The anti-Yoon protests have prominently included strikes by the KCTU union federation as well as youth born well after the end of the previous military dictatorship. Yes, Yoon must be brought down. But the removal of one particularly right-wing president cannot address the social catastrophe facing South Korea. The problem is that the main force that the protests look to as an alternative is itself tied to the U.S. alliance which is fueling the drive to reaction.

The KCTU and other protest leaders are pushing for Yoon’s People Power Party (PPP) to be replaced by South Korea’s other major capitalist party, the Democratic Party (DPK). The DPK’s fealty to U.S. imperialism was shown clearly when Moon Jae-in welcomed the addition of American Thaad anti-missile launchers against China during his term as president. As for the labor movement, leaders of the KCTU were arrested and imprisoned under the DPK, just as under the PPP today.

Resolving the crisis in the interests of the working masses requires a political break with the DPK and the smaller liberal and populist parties that serve as its satellites. They cannot solve the social and economic disaster facing the country because, like the right wing, they are beholden to the South Korean capitalists and their U.S. imperialist overlords.

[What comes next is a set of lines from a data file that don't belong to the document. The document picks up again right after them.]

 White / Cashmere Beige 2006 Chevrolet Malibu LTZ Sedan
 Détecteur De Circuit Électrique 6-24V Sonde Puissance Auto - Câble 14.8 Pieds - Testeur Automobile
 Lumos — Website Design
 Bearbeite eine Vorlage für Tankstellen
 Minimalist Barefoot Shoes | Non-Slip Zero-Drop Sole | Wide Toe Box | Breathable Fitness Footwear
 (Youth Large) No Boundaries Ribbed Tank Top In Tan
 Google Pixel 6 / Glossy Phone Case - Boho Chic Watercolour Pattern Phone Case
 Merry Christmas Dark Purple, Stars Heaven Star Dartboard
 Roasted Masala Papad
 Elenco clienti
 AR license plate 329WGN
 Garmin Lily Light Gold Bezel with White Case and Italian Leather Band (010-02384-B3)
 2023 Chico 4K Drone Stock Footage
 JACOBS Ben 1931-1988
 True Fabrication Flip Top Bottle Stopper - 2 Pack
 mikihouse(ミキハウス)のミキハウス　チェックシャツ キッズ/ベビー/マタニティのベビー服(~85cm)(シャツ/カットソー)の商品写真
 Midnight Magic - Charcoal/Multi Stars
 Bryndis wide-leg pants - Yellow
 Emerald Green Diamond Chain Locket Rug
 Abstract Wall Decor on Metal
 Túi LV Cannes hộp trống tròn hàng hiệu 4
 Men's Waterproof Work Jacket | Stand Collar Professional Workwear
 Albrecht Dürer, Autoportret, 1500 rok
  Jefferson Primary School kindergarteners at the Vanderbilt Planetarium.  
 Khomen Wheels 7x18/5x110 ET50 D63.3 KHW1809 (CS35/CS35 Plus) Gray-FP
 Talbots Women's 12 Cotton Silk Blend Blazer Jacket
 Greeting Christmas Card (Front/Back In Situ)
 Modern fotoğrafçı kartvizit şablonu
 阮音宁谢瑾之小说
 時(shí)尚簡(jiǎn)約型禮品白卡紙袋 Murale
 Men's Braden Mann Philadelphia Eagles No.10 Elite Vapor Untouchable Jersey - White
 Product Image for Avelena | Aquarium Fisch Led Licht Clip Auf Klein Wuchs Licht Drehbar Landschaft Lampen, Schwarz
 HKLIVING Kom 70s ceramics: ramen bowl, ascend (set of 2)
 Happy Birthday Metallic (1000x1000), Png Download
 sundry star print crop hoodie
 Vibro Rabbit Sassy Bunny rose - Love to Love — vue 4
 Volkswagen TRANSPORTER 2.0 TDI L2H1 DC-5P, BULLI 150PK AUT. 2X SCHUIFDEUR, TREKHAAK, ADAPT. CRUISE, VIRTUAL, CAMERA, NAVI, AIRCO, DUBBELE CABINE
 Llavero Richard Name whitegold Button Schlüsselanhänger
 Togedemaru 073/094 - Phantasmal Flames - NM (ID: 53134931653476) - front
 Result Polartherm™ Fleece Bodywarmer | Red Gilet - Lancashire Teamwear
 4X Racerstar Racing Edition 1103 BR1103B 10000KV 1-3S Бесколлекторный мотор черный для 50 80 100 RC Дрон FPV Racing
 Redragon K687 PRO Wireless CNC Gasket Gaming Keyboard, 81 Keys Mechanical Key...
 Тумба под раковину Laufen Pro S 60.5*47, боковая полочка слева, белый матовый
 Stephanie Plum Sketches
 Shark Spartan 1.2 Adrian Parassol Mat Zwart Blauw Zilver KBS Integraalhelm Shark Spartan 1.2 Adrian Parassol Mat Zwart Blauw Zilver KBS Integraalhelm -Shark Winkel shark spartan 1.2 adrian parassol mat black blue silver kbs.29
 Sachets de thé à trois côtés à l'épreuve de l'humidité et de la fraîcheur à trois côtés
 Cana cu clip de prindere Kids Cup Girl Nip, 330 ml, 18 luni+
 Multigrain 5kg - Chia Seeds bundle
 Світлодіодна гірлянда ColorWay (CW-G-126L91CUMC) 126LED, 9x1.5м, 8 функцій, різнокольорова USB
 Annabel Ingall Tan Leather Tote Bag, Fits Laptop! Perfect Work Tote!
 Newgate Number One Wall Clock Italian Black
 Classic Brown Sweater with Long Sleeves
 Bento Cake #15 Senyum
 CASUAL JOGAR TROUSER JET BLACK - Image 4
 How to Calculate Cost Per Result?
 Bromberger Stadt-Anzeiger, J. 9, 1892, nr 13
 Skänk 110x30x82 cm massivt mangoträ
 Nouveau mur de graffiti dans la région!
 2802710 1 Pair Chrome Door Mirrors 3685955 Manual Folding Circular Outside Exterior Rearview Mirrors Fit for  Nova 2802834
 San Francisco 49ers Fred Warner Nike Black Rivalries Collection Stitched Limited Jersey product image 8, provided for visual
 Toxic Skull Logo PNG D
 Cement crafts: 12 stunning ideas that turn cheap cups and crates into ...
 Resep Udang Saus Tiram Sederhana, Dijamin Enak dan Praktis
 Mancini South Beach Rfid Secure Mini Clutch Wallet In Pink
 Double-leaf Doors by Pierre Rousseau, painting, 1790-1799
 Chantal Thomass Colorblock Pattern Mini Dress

The fight to defend democratic rights and advance the interests of South Korea’s workers and poor requires forging a proletarian anti-imperialist front that connects the struggle against the domestic exploiters with that against the U.S. imperialists who ultimately call the shots. It was the U.S. that divided the Korean nation at the cost of over three million killed before and during the 1950-53 Korean War. Seven decades later, nearly 30,000 American troops remain on the peninsula, and the U.S. has ultimate operational command over the South Korean military.

To fight reaction in South Korea and throughout the region, it is necessary to unite the working class in struggle. The starting point must be opposition to the U.S.-led offensive against the workers states in China and North Korea. At the same time, it is necessary to oppose the Stalinist bureaucracies that rule in Beijing and Pyongyang, whose nationalist program undermines the fight for the revolutionary reunification of Korea and for international socialist revolution.

Various groups on South Korea’s socialist left oppose support to the Democratic Party and criticize the KCTU leaders for forming alliances with this or other bourgeois forces. But they do not connect this to the question of the U.S. alliance, which has always shaped political and economic developments in South Korea and is now driving them toward ruin. Far from opposing the U.S. offensive against China, some of them falsely equate China with the U.S., claiming both are imperialist. Some even argue that raising anti-imperialism in the South Korean context represents a capitulation to the liberal wing of the bourgeoisie and the Stalinist rulers in China and North Korea. These positions are false to the core and can only mislead the working class.

How can workers be broken from illusions in the liberal wing of South Korean capitalism? This will never happen through abstract slogans or schemas which ignore the global developments driving what is happening in the country. Martial law was the symptom; the underlying illness is the U.S. drive against China which is dragging South Korea toward disaster. A fight to break the alliance with the U.S. is necessary to defend even the most basic democratic rights and other gains wrested through struggle over the past four decades. The urgent task for socialists is to bring this central question to the fore, to ask pointblank to all the forces that claim to defend democracy: which side are you on, the U.S. or the working class?

  • Break the U.S. alliance! All U.S. troops and bases out!

  • Oppose the U.S.-led drive against China and North Korea!

  • Down with Yoon Suk-yeol and the PPP, no support to the Democratic Party!

  • Build a proletarian anti-imperialist front against U.S. imperialism and South Korean capitalism!